Este filme é um dos mais belos filmes de Charlie Chaplin. É
um filme de mudança, de reorganização do cansaço da sua criatividade. É um
filme de estudo. Uma curta-metragem que é também uma
longa-metragem. Trata-se da sublimação do seu passado trágico e da catarse de
uma recente tragédia. A morte do filho recém-nascido, filho da muito jovem e
fugaz esposa, a actriz Mildred Harris, em 1919.
«O pecado da maternidade».
As palavras surgem após a epígrafe temática:
«Uma comédia com um sorriso e, talvez, uma lágrima».
A mãe (Edna Purviance) sai do hospício com um recém-nascido
nos braços. Está desesperada e acaba por deixá-lo no banco de um luxuoso
automóvel estacionado num bairro de ricos. A criança traz uma nota manuscrita
entre as roupas: «Quem a encontrar, ame-a e cuide bem dela.»
O automóvel é roubado e a criança colocada no lixo pelos
ladrões numa esquina do bairro paupérrimo onde vive Charlot. Ele sai de casa,
escapa por um triz a um monte de entulho lançado por uma janela. Encontra o bebé
e suspeita que tenha sido atirado também pela janela. Tenta deixá-lo perto de alguma mãe. Não consegue. Finalmente, adopta-a!

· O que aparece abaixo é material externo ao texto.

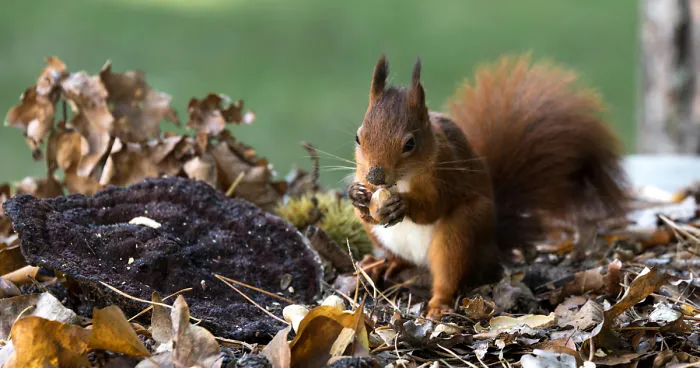Red Squirrels In Holland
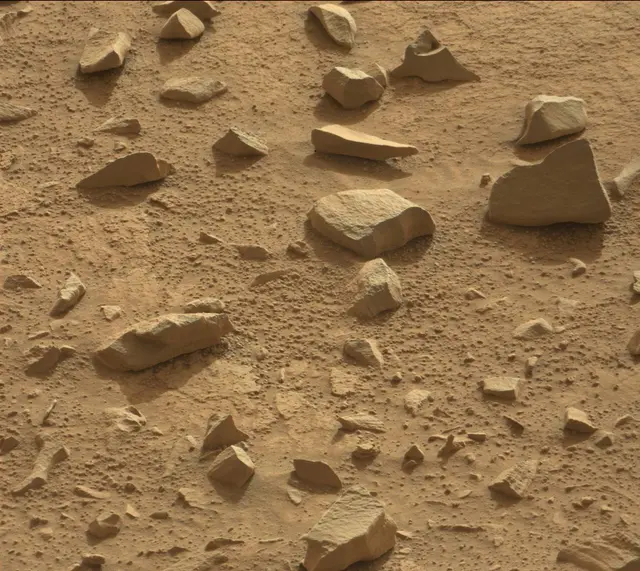 Sol 311: Mast Camera (Mastcam)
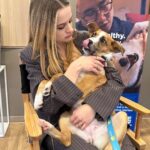 Joey King Instagram - Meet Ember, one of the millions of deserving shelter pets who need our help. @Hillspet Nutrition is on a mission to help end pet homelessness and even if you aren’t ready to adopt yet, there are so many other ways to help shelter pets in need! Link in bio!! #HillsPartner #Ad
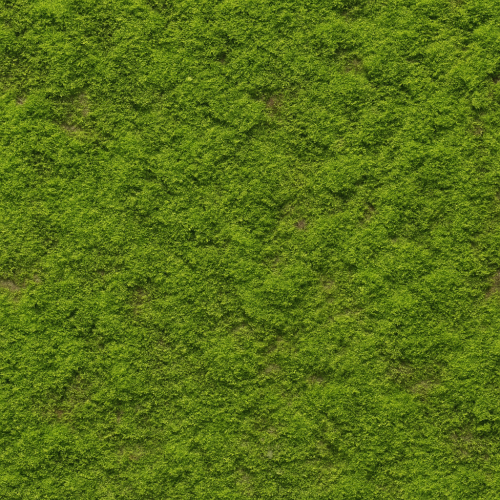 Comprehensive Guide to Moss Textures for Photorealistic PBR Workflows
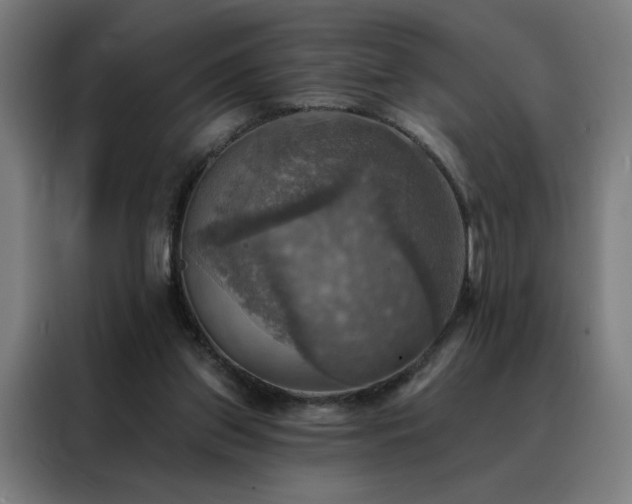 X0000088390157200705221121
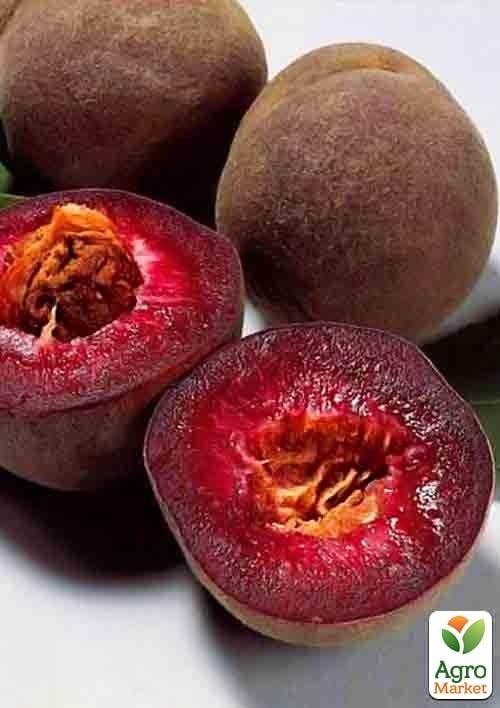 Персик красномясый "Эритрокарпа" укорененный в контейнере (саженец 2 года) - фото 2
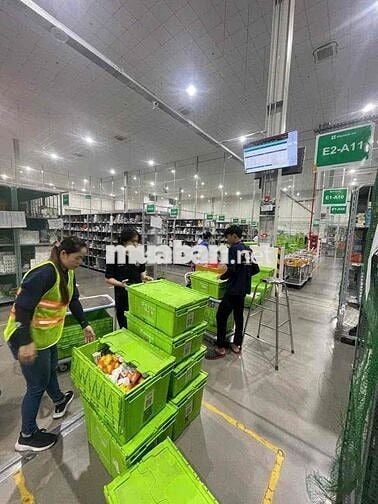 SOẠN HÀNG KHO DƯỢC VSIP II THU NHẬP 9-20TR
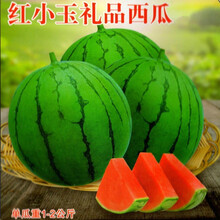 纳格兰红小玉礼品西瓜种子礼品西瓜绿皮红肉高产甜早熟家科院田园 红小玉西瓜约20粒(原厂彩包)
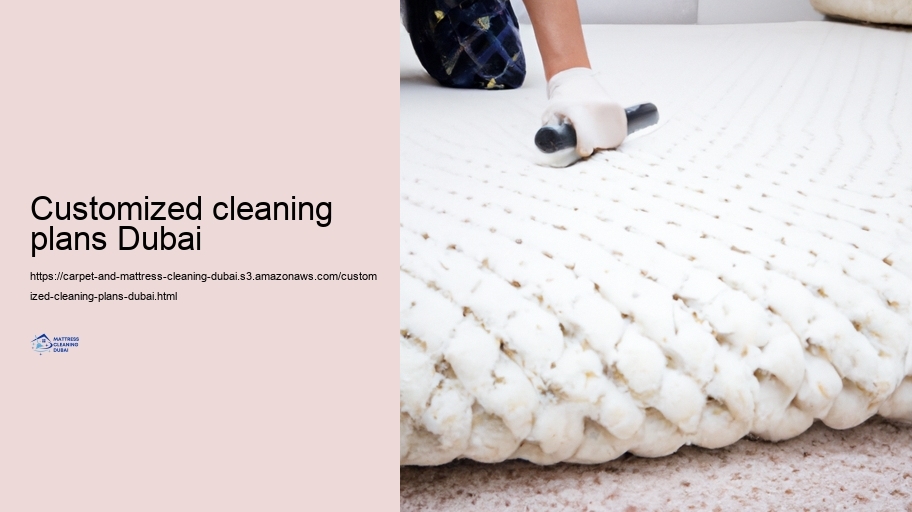 Advanced Cleansing Techniques for Carpetings and Paddings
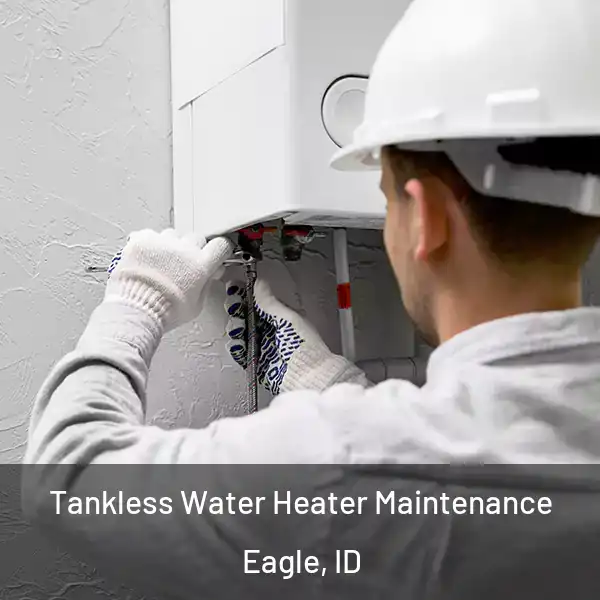  Tankless Water Heater Maintenance Eagle, ID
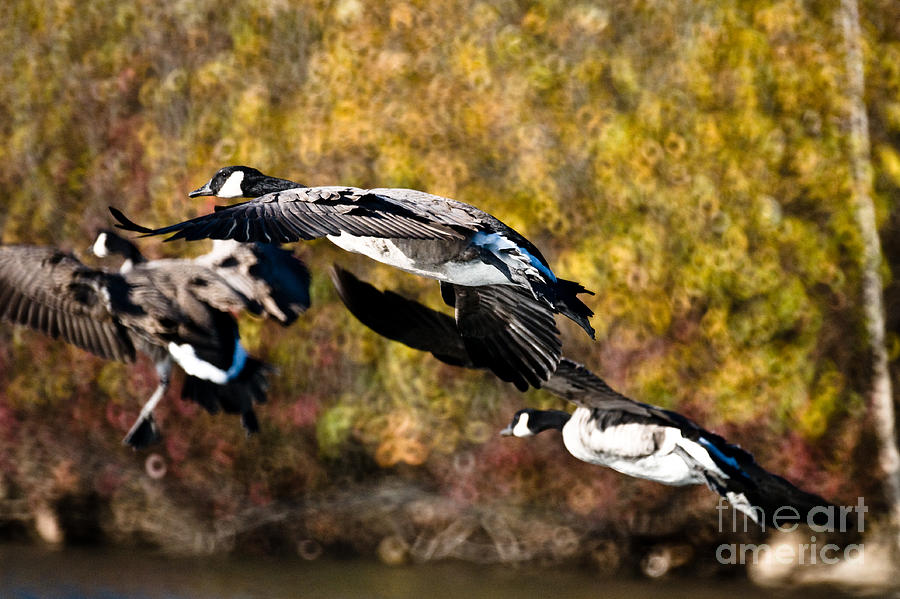 Canada Geese In Flight Photograph by Terry Elniski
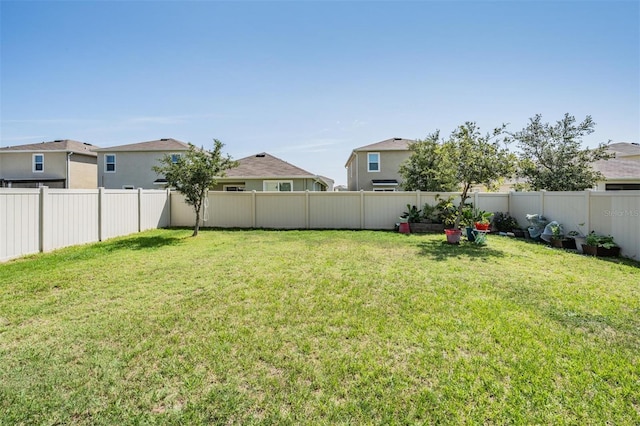 30989 Summer Sun Loop, Wesley Chapel, FL 33545 - view of yard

Ou antes, é The Kid (Jackie Coogan) que adopta Charlot e passa
a protegê-lo e a educá-lo através de uma sucessão extraordinária de cenas
cómicas. As peripécias sucedem-se até que Charlot, triste e desamparado, adormece sozinho
à porta de sua pobre casa. Então, sonha que o bairro é o Paraíso cheio de
anjos. Mas o paraíso é também nefasto e os anjos viciosos.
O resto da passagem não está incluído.